Things to look for and ask about include sanitation, fencing security, ventilation, and quality of sleeping areas. For kennel-based programs, make sure that they are properly licensed and follow industry best practices. In both home and kennel-based programs, dogs should have comfortable places to sleep. They should get at least an hour a day of exercise other than training. They should be outside of a kennel or crate environment at least 6 hours each day. Play with other dogs should be closely supervised. There should be staff on the premises to watch over the dogs overnight.

Is there a guarantee?

This is a tricky question. As discussed above, your consistent enforcement of your dog’s new rules will have a tremendous impact on his behavior. For that reason, the codes of conduct of the premier animal behavior professional and certifying organizations – the APDT, IAABC and the CCPDT– actually prohibit guaranteeing specific long term results from training.

Good trainers stand behind their work in ways that acknowledge the fluid nature of dog behavior. They have a process to back up their promises. In our dog board and train program in Cincinnati, for example, the entire process is structured around a written agreement that spells out training goals.
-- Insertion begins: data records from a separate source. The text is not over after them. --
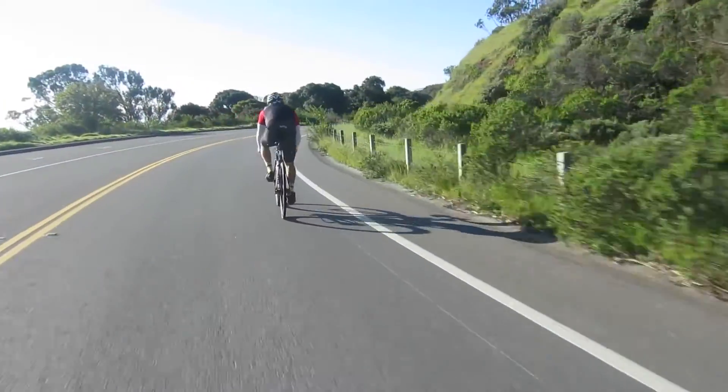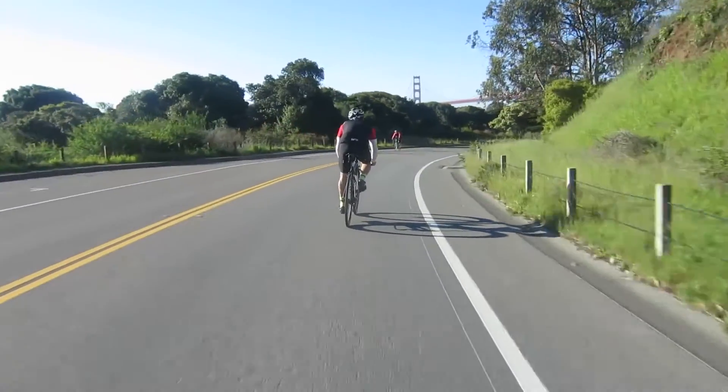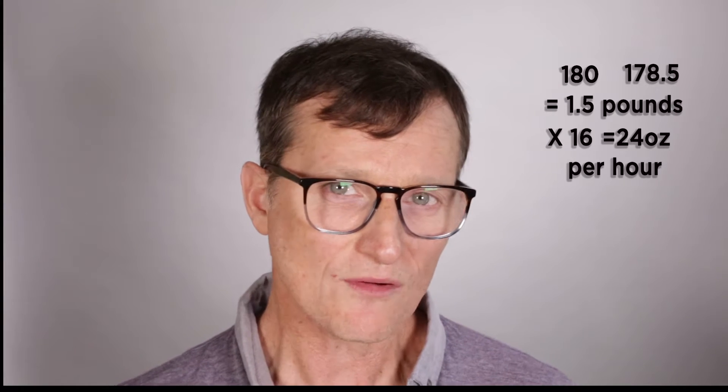Once you get home, take off your clothes and dry yourself off. Step on the exact same scale you used before — since it's calibrated the same — and that difference in weight is your sweat rate. Take your pre-ride weight, subtract your post-ride weight, and multiply that by 16. For example, if your pre-ride weight is 180 pounds and your post-ride weight is 178.5 pounds, you've lost 1.5 pounds. Multiply that by 16 equals 24 ounces — so your sweat rate is 24 ounces per hour. This means every ride, you need to drink 24 ounces of fluid every hour to stay hydrated.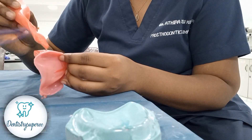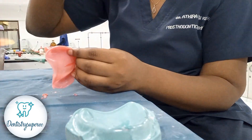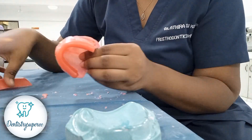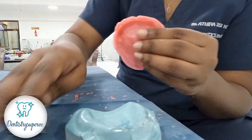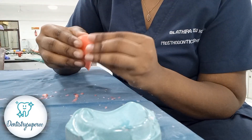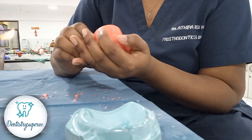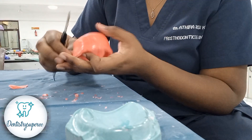For the rest of the flange areas, you can use the drop method — dropping wax onto that area — but it takes a lot of time. I'm more comfortable taking a strip of wax in the same length and adding it on by softening the wax, adding it throughout the periphery.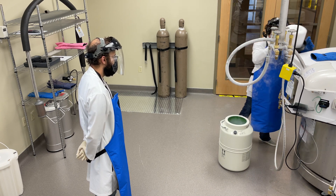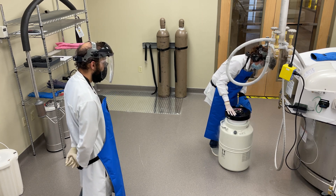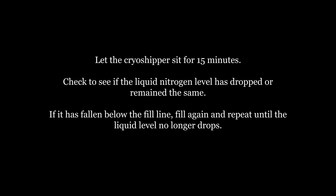Replace the foam cryoshipper lid. Let the cryoshipper sit for 15 minutes.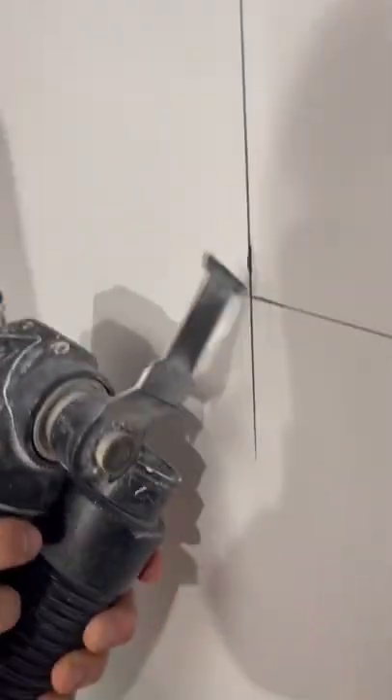Hey, it's Misha here with another construction tip. Today I'm going to show you how to cut out your drywall without making a big mess.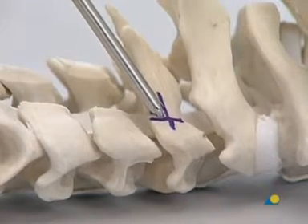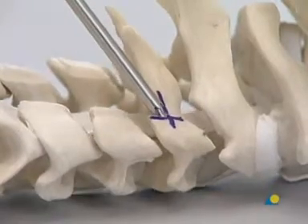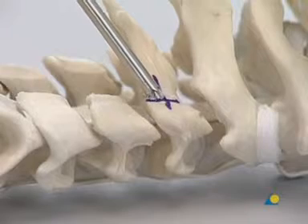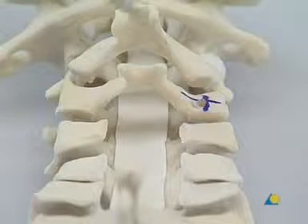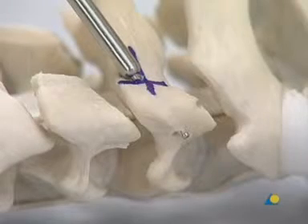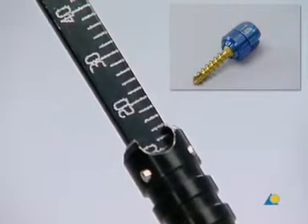The exit point of the drill is shown. Although with the Axon system, it is not always necessary to perforate the opposite cortex of the lateral mass. The length of the screw is determined using the depth gauge. The reading on the depth gauge corresponds to the length of the screw needed.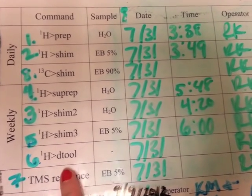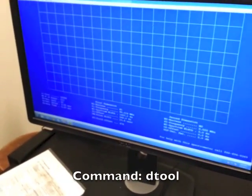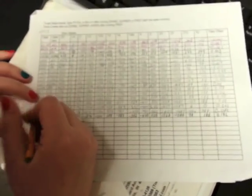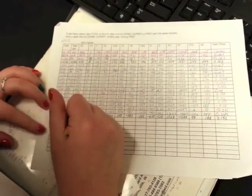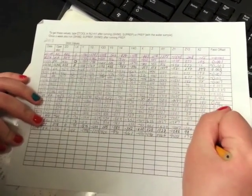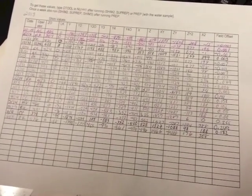Once SHIM3 is finished, the next step is DETOOL. This one doesn't have a sample next to it because we're not actually taking any scans. Come over to the computer, type in DETOOL and hit enter. All these numbers pop up, and there is a binder underneath the sign-in sheet. Take out your paper, write the date and your initials, and then all of the numbers go in order on the sheet. These numbers don't really mean anything to us, but if there's ever a problem with the machine, they may ask you to read out the last four of a certain column for the people who can fix the machine.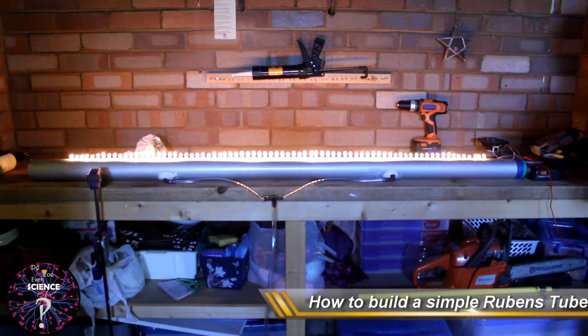Welcome to Do You Even Science. In this video, we will go over the basics of how to build a simple Rubens tube.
We promise to meet those goals and keep owners updated on our progress. When the dog goes home, we go with him and make sure that he can perform as well in his home as he did in ours. We come back twice more in the next few weeks to make sure the training sticks for both dogs and humans. If a dog cannot perform what we promised, we do more training until we get it right.

If a trainer’s guarantee sounds too good to be true, it probably is. The most ambitious guarantees often come from the “skinny pill” trainers discussed above. Make sure that you understand exactly how your trainer handles problems. Ask for examples. If he says that it never happens or can’t give you an example, his “guarantee” may be an empty promise.